In response to that need, leaders of the African American Church Development Team, Embrace Baltimore and BCM/D have developed the “Antioch Institute.” Under the leadership of James Dixon, Jr., who serves as director and Steve Hardnett, assistant director, this new initiative has been specifically designed to train African American leaders to be prepared to go out as teams, to evangelize, start Bible studies and begin new self-supporting works.

Twenty-eight students began classes in January. They meet from 8:30 a.m. to 2:30 p.m. on the second Saturday of each month at Parkville Church. Students come from all walks of life and backgrounds and include associate pastors, deacons and lay leaders. Some are college graduates; others are not.
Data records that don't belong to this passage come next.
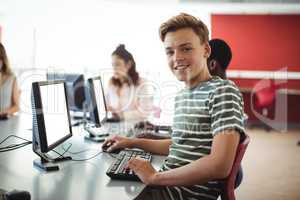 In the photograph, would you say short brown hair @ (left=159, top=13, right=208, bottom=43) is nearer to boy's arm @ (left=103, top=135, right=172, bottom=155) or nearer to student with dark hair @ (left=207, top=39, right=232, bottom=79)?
boy's arm @ (left=103, top=135, right=172, bottom=155)

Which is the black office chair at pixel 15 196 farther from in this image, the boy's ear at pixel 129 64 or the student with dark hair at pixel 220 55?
the boy's ear at pixel 129 64

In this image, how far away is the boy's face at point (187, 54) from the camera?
1.29 m

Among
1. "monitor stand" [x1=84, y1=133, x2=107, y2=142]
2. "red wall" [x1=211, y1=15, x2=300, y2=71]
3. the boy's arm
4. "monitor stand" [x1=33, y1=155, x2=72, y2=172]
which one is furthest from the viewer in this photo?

Dixon said pastors who have never attended Bible College would benefit from the classes. Topics include evangelism, discipleship, pastoral ministry, biblical studies, founding new churches, spiritual character building, finances, evangelism and discipling.

Darryl Fitch and Isaac Sterling are both members of El Bethel Church, Fort Washington, and students of Antioch Institute. Fitch is an associate minister at El Bethel and a Southern Baptist Theological Seminary graduate student working on a master of divinity degree in counseling. The information he’s learning, he says, is valuable for anyone who wants to better serve in kingdom work.

“Every church needs to have people skilled in evangelism, teaching, working in VBS and other church ministries. All this information is helpful in every aspect of church life,” he said.

Isaac Sterling serves as discipleship ministry leader and minister of education. He too believes the institute is well-rounded and helpful to lay leaders and pastors. He’s also impressed with the instructors.

“This is something that can be used to better understand our churches, how to start them, how they function and how to keep them going,” Sterling said. He also appreciates that the instructors are respected men who have strong ministry experience and share their own backgrounds and the word of God to teach students about real church life.

Graduates of the 18-month program will receive certificates and be commissioned, ready to further their ministries, go into their communities and to be prepared to serve on church planting teams as they are called and as opportunities arise.

Dixon said advanced classes will be added to the institute as time goes on so those who complete the basics can continue to grow.
Antioch instructors for this term include: Robert Anderson, Mel Pride, Randy Millwood, Reynold Carr, Stephen Hardnett, Byron Day, Ken Fentress, Robert Smith Jr. and Kenneth Weathersby.

The initiative is catching the eye of the North American Mission Board, which is using the program as a pilot, watching it closely to possibly duplicate it nationally.

“I feel that this is a great opportunity not just for African Americans, but for all ethnic communities,” Dixon said. “With the team concept, we will be able to reach more people for the kingdom of God. I think this approach provides us a greater opportunity to do a better job in the African American communities. It is my prayer that the Lord will bless our effort and help us to accomplish His purpose through this process.”

BCM/D Executive Director David Lee said that the Baptist Convention of Maryland/Delaware has always been known as a convention of innovators.

“There are many reasons for that,” Lee explained. ”One clear reason is the challenge of our mission field in the very shadow of our nation’s capital. The other is the quality and spiritual commitment of those whom God has called to serve this strategic region.

“The Antioch Institute fits the category of innovation. The North American Mission Board is watching this model’s progression as a possible means for expanding African American church planting across the nation. I commend James Dixon, David Jackson, and the other leaders who have been the architect of this impacting ministry,” Lee said.